■ PROBLEM TO WORK ON
Extract every record, exactly as written, and ignore the pictures.

■ DATA

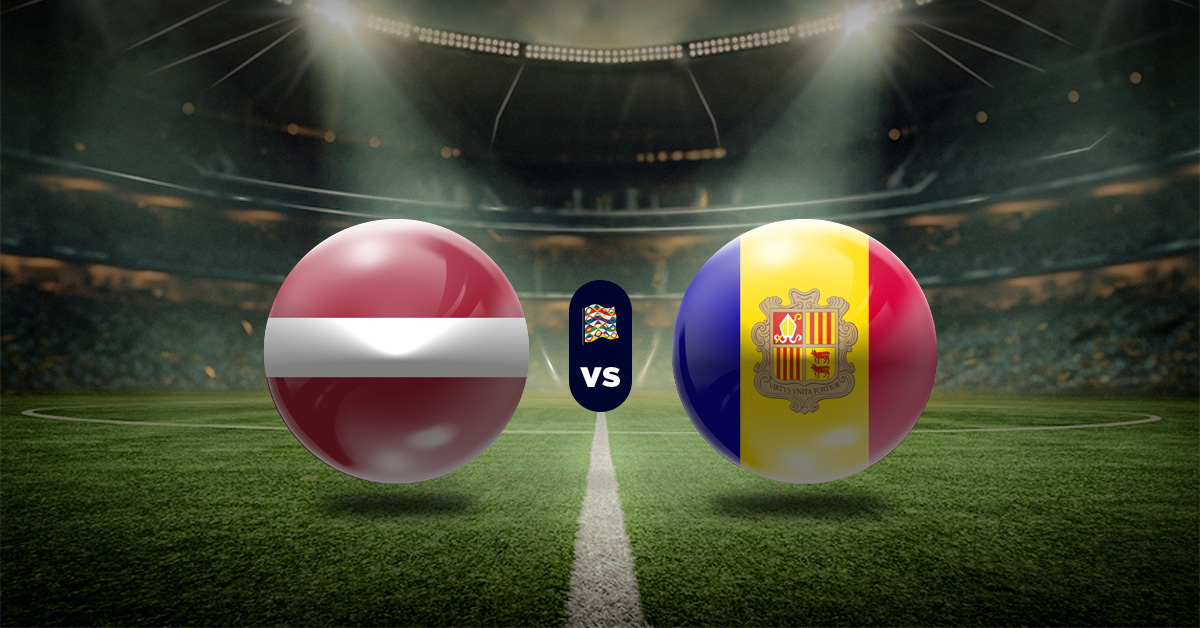 Pronóstico Letonia vs Andorra – eliminatorias mundialistas europa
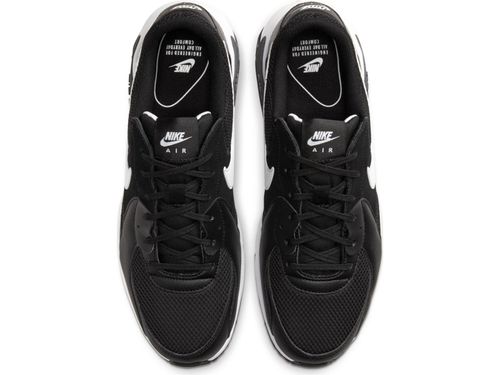 TENIS NIKE AIR MAX EXCEE CD4165-001 PRETO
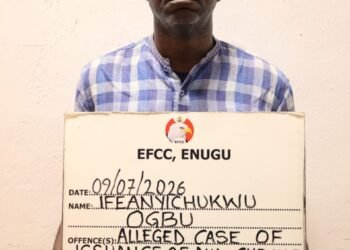 Navy dismantles emerging crude oil theft storage infrastructure in Rivers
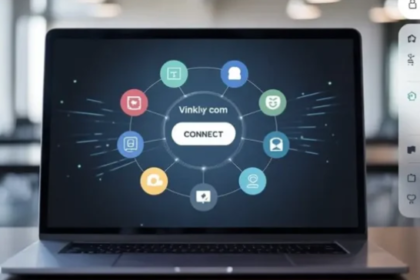Vinklyx.com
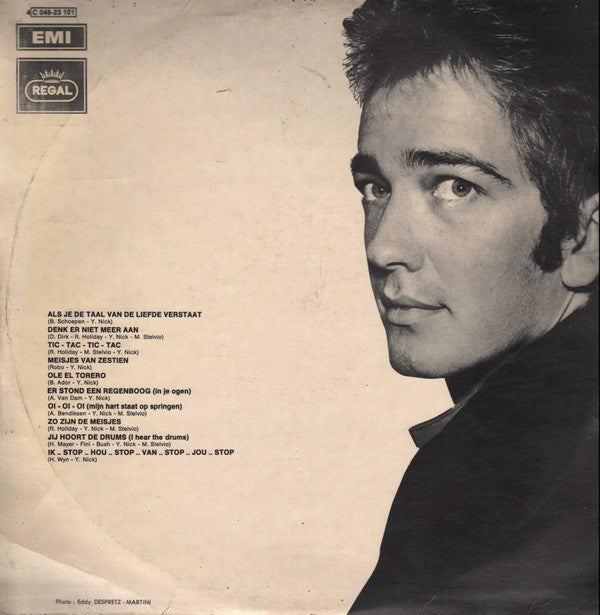 Danyel Dirk - Danyel Dirk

■ ANSWER SECTION
 Pronóstico Letonia vs Andorra – eliminatorias mundialistas europa
 TENIS NIKE AIR MAX EXCEE CD4165-001 PRETO
 Navy dismantles emerging crude oil theft storage infrastructure in Rivers
Vinklyx.com
 Danyel Dirk - Danyel Dirk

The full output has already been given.